月村了衛〔ほか〕【警官の標】
朝日文庫 け3-1 警察小説アンソロジー
月村了衛/〔ほか〕著
出版社名 朝日新聞出版
出版年月 2025年2月
ISBNコード 978-4-02-265187-7
(4-02-265187-3)
税込価格 990円
すべて書籍初収録の警察短編小説アンソロジー。《解説・若林 踏》
冒頭作【ありふれた災厄】は、警官の話というよりは元国家公安委員長が警官に職質されて憤り、さらに心証を悪くしていくというもの。

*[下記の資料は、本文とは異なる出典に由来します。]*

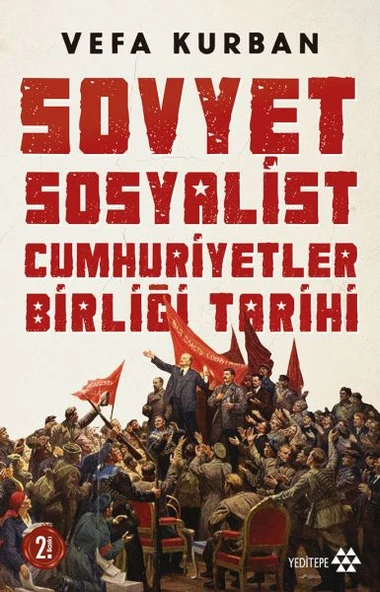 Sovyet Sosyalist Cumhuriyetler Birliği Tarihi ürün görseli 1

今は落選していて無職なのだが、元のネームにしがみついている醜さを描いている。
次の【破談屋】は面白かった。同僚の結婚前の身辺調査をもっぱらの仕事にしている婦人警官の話。
著者は【探偵は女手ひとつ】の深町秋生で、相変わらず山形弁が楽しかった。
【鬼火】は、さすが鳴神響一。冒頭の話がどこへ繋がるのかが最後まで解らなかった。
一方で、優秀な女性警官の観点がみものでもあった。
しかし果たして、正義を暴いたのが正解だったのかどうか?勿論殺人は究極の犯罪ではあるが……。
など、ちょっと変わった視点からのものが多く、いずれも楽しめた。